Week of July 4

Relay for Life raised $150,000 to fight cancer

Sir: For 20 years, Relay For Life has united communities across Canada with teams of family, friends and colleagues.

Relay is active in 29 countries and 6,000 communities worldwide, whereby participants commit to raising funds for work against all types of cancer.

On June 14, we held Relay For Life Sarnia at Clearwater Park. At this event, teams of family, friends and colleagues celebrated those who live and have lived in the face of cancer, and those moving past cancer.

Six hundred people in our community supported this year’s Relay by volunteering, participating, sponsoring or walking the survivor lap.

Thanks to the efforts of these dedicated individuals and the generosity of community members, I am thrilled to report we raised over $150,000, with more funds coming in daily.

The money will support ground-breaking research, provide trusted information, offer programs and services to help people with cancer and their families cope, and advocate to governments for important social changes.

Thank you Sarnia-Lambton for helping make a difference in the lives of those with cancer.

Paula McKinlay

Community Fundraising Specialist

Canadian Cancer Society, Sarnia Lambton 


Coun. Bird acted appropriately with her notices of motion

Sir: Regarding Bryan Trothen’s letter of June 20, “Coun. Bird’s very serious allegations should be investigated.”

Mr. Trothen suggests the integrity commissioner should be paid to investigate statements the councillor made at the May 27 council meeting.

He says councillors ‘took her to task” for a lack of detail provided in advance of three notices of motions she brought forward for discussion.

Coun. Bird clarified her reason for not providing more detail, explaining that, a short time ago, one councillor had the audacity to urge, via email to all councillors, that they vote against a motion she was bringing forward, a motion Coun. Bird posted in its entirety.

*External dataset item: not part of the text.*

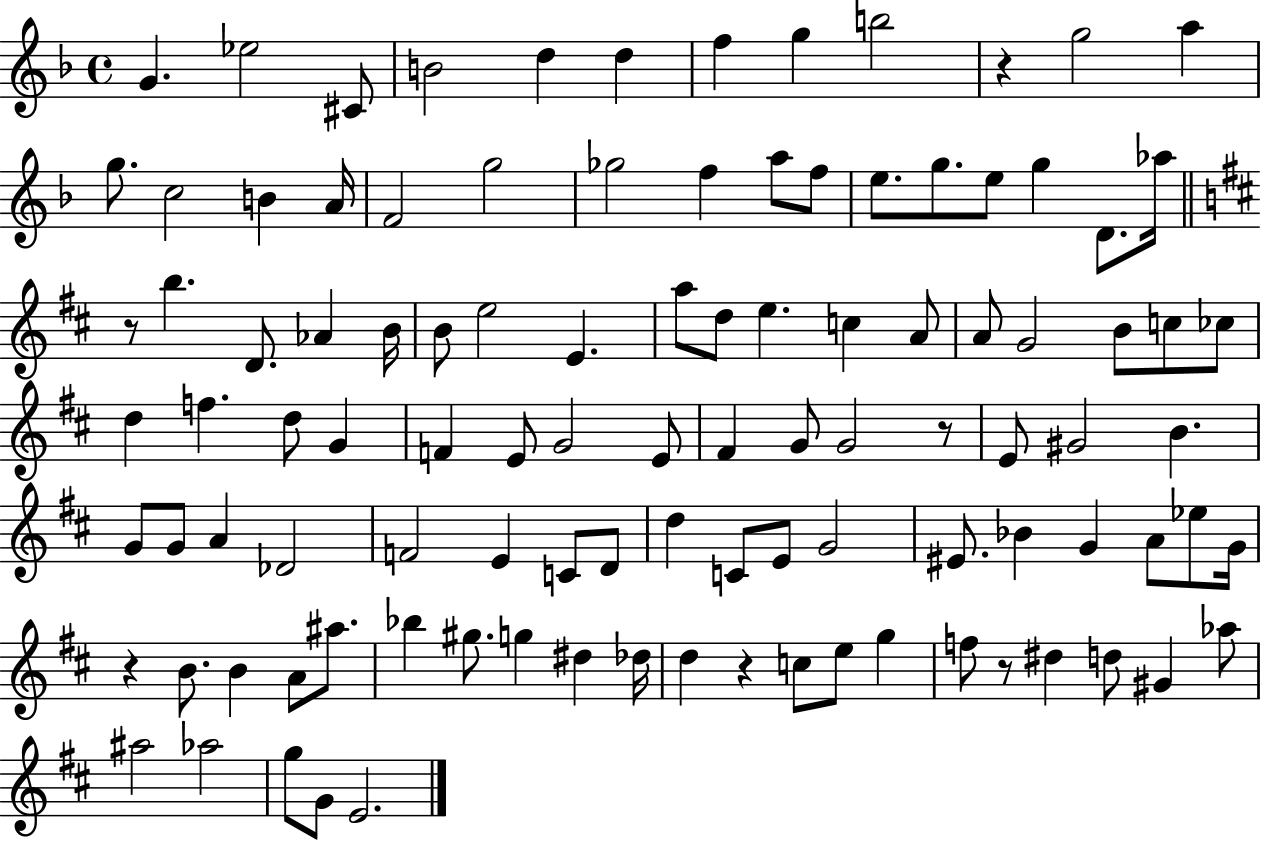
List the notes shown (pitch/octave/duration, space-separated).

The conduct of this councillor was wrong, inappropriate and possibly illegal.

Coun. Bird, rather than filing a complaint with the integrity commissioner, chose to deal with this unacceptable conduct by keeping her motions brief, so discussion could take place and decisions could be made where they were intended, that is, in council chambers at a public meeting, not via email.

It raises the question — why are some councillors so obviously concerned about voicing their thoughts on a motion in public? Shouldn’t we be encouraging transparency?

Mr. Trothen was correct in saying that Coun. Bird has every right to express herself on matters of city business without fear of conspiracy to suppress her voice.  So far, she has been doing just that, in my not so humble opinion. She obviously comes to meetings well prepared and provides reasons and justification for how she casts her vote.  She does not simply ‘go with the flow’ as some are inclined to do.

Mr. Trothen asks for proof of the accusations of unlawful behaviour. Would not their emails suffice?

As a former councillor who continues to have an interest in Sarnia’s politics, I attend council meetings and frequently offer my comments and observations.

Councillor Bird is entitled to an apology.